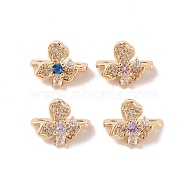 Brass Micro Pave Cubic Zirconia Slide Charms, Flower, Golden, Mixed Color, 10.5x13x10.5mm, Hole: 1.2mm(KK-B100-059G)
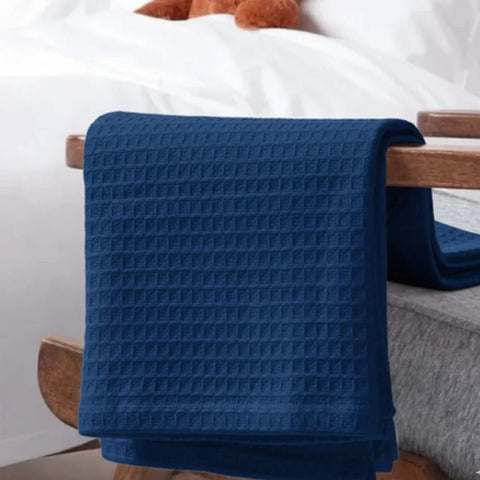 Organic Cotton Waffle Baby Blanket Deep Ocean Blue - The Linen House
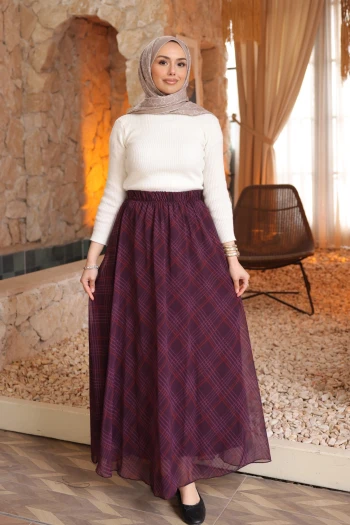 Mürdüm Bel Lastikli Astarlı Şifon Etek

▶ EXERCISE DIRECTIONS
In full and without error, repeat the listing above, omitting its images.

▶ SOLUTION FOR THIS PROBLEM
 Brass Micro Pave Cubic Zirconia Slide Charms, Flower, Golden, Mixed Color, 10.5x13x10.5mm, Hole: 1.2mm(KK-B100-059G)
 Organic Cotton Waffle Baby Blanket Deep Ocean Blue - The Linen House
 Mürdüm Bel Lastikli Astarlı Şifon Etek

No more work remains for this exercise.